There was a scuffling.  “Yes, Brother Ronan?”

“It truly is safe now.  You three can come out.”

More scuffling and a groaning of moving wooden furniture was heard.  Connall opened the door a crack and peered out.  He then opened the door wider and led the other two out.  Caibre was holding Éanna’s hand, whose face paled even more when he saw my stained frock.  He looked from me to Brother Ronan.

Brother Ronan reassured, “It’s alright, Éanna.  We really are safe.  Have some courage, boy.”  I had been thinking the same thing.  They had forsaken the community for what they perceived as their own safety.  It was against monastic law.  They had not helped others, only each other.  Ronan should scold them.

But then he reached out and ruffled Éanna’s hair and patted the other two on the head.  And then he smiled.  For them.  And not for me. When they had done nothing.

“Tut, tut, Brother Conn.  Be gentler with these three next time.  They are only children.  Come with me to prayers, you three.”
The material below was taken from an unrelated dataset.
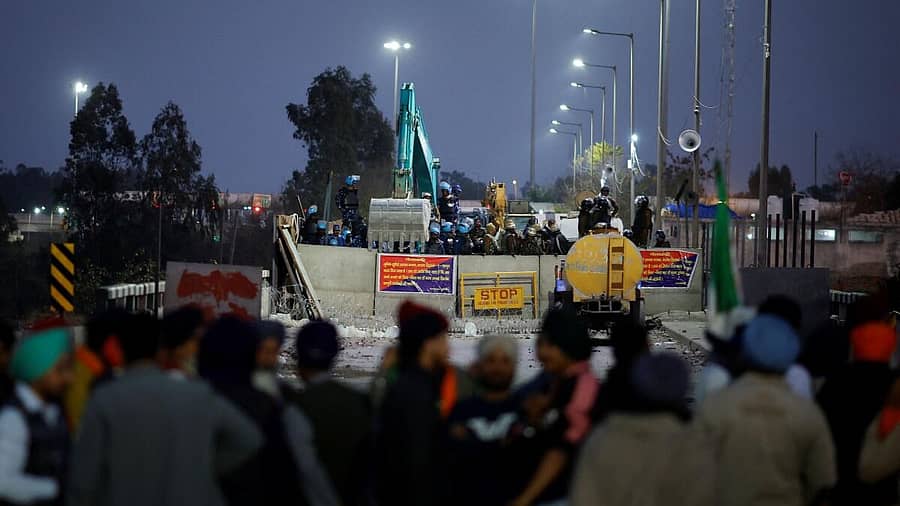 <div class="paragraphs"><p>ಪಂಜಾಬ್ ಹಾಗೂ ಹರಿಯಾಣ ರಾಜ್ಯಗಳ ಗಿಡಯಲ್ಲಿರುವ ಶಂಭು ಬಳಿ ಪೊಲೀಸರು ತಡೆಗೋಡೆ ನಿರ್ಮಿಸಿದ್ದು ದೆಹಲಿಯೊಳಗೆ ರೈತರ ಪ್ರವೇಶಿಸಿದಂತೆ ನಿರ್ಬಂಧಿಸಿದ್ದಾರೆ</p></div>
The three babes’ expressions softened and Ronan, still without looking at me, turned around.  They followed him like goslings to a mother goose.

How, how dare Ronan?  I had saved the monastery!  Protected everyone!  And not one word of thanks, not one kind glance, not one nod of approval!  Instead he favors, those, those, those irresponsible children!  One a bastard of our abbot and another a low-class thief who eats our bread without paying, surviving on our good will and hospitality.  At least Connall came from a good Irish family, but his Christianity mixes with foul pagans and druids!  Mere superstition and witchcraft!  How can he do this?  We were together, thinking.  Him teaching me.  I–

I wished for another Viking to kill.